On nous a rabâchés toute notre enfance que notre père n’avait pas pu nous regarder en face des mois durant, après ce drame, parce que nous avions les yeux de notre mère. La vérité, c’est que s’il en était incapable, c’est parce que nous avions été témoins à un âge trop tendre de son crime. Quand elle est morte, gisant dans son sang, ses rêves, ses espoirs et sa jeunesse envolés, elle nous tenait contre elle. Nous sommes tombés avec elle. Une part de nous a disparu avec notre mère, ce jour-là. Ne nous reste en héritage que le mépris cinglant que nous nourrissons envers notre père assassin. Quel honte d’être les héritiers d’un tel monstre !

Une main chaude et douce vient subitement se glisser dans la mienne. En levant les yeux, je m’aperçois qu’ils sont embués de larmes. Greer m’offre un sourire réconfortant. Je me dépêche d’essuyer mes joues humides avant qu’on ne me remarque.

 — Il ne mérite pas que tu pleures à cause de lui.

Je renifle avant d’acquiescer lentement.

 — Un jour, il devra répondre de ses péchés devant les dieux, murmuré-je.

Mon amie me dévisage longuement. Elle ignore les douloureux secrets que dissimule notre nom de famille, mais elle a suffisamment de tact pour ne pas me questionner.
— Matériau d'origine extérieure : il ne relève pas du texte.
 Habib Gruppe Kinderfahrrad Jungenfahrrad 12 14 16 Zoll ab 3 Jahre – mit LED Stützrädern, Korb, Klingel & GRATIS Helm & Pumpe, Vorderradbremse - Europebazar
Elle me tire par le bras et m’entraine à travers la salle vers les tables du banquet. Nous rejoignons les autres apprenties prêtresses qui ont toutes été invitées pour la fête de l’Au-Revoir. Lornélia et Ravine dégustent du bout des lèvres leur liqueur tout en jetant un regard condescendant et satisfait aux convives qui nous gratifient d’une révérence. De vraies aristocrates hollinquoises comme on sait les reconnaitre à vingt pas… Estrid, Mirielle et Nessa nous saluent poliment à notre arrivée. Quant à Hestée, elle lorgne le buffet sans oser se jeter sur quoi que ce soit, de peur de trahir ce qu’elle est : une affamée. La pauvre fille n’a pas été habituée à une telle profusion de nourriture dans sa campagne natale et même à l’institut, nous avons toujours été nourries assez chichement. Il faut dire que l’empire est grand mais surpeuplé, et l’effondrement de la culture du misso ces deux dernières années a accentué cette crise, en même temps qu’il creusait nos estomacs.

 — Vous voilà enfin ! Où étiez-vous passées ?
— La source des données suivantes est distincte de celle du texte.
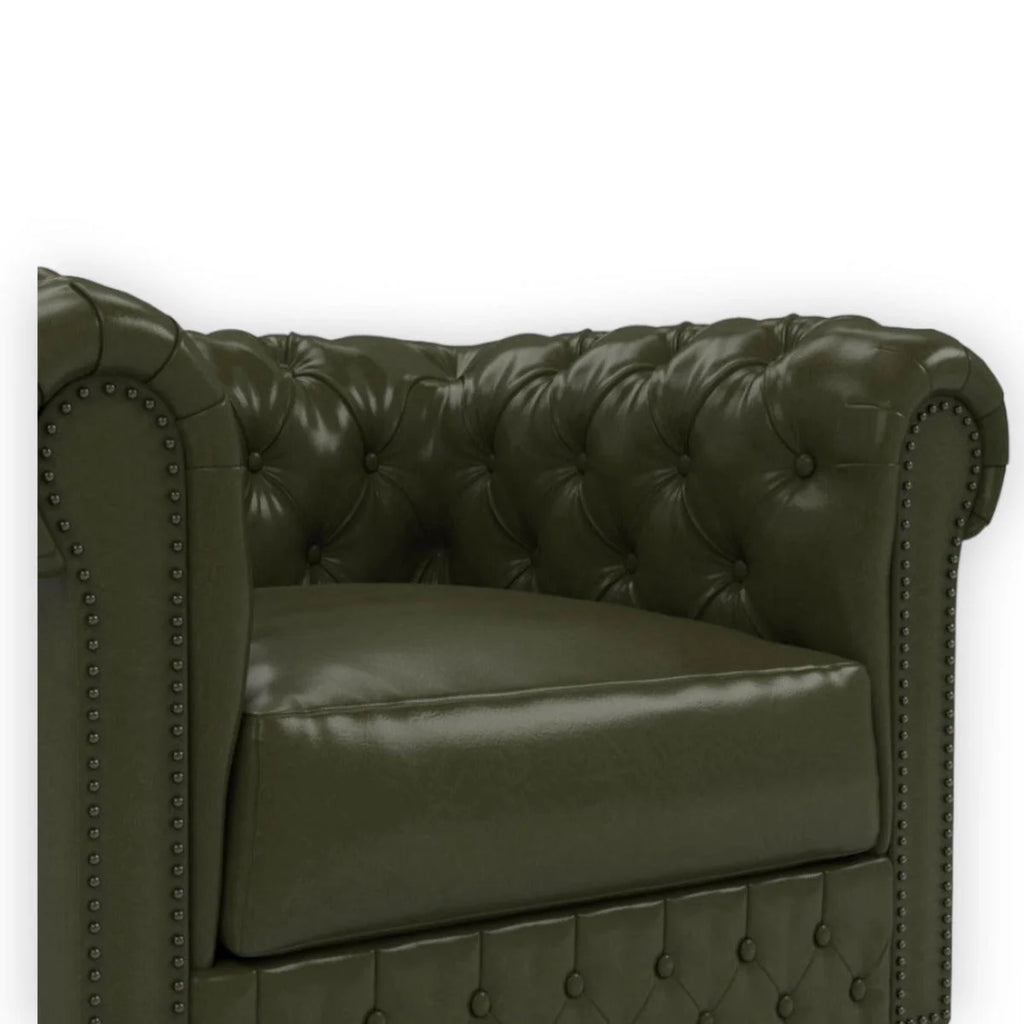 Nismaaya Base Traditional Chesterfield 1 Seater Sofas Bottle Green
Aubree et Flavelle nous accueillent tout sourire. Elles sont originaires de Nastia, comme Greer. Tout au long de ces années ensemble, d’abord pendant quatre ans à l’école préparatoire, puis ces trois dernières années à l’institut, nous avons toujours été solidaires les unes envers les autres. Je les considère volontiers comme mes amies les plus proches, après Atlas et Temrick, même si nos enseignantes mettaient tout en œuvre pour favoriser les rivalités entre nous.

 — Il a fallu que j’arrache cette demoiselle de ses devoirs d’hôtesse, leur répond Greer en ponctuant sa phrase d’un clin d’œil.

 — Oh, c’est vrai qu’Arianne Vellemare nous fait l’honneur de nous recevoir dans sa maison ! rétorque Aubree en mimant une révérence grossière.

 — Je crois que si notre maison comptait autant de vitres à nettoyer, ma mère préfèrerait se jeter dans les escaliers pour échapper à la corvée… réplique Flavelle d’une mine faussement navrée, ce qui nous arrache à toutes un rire amusé.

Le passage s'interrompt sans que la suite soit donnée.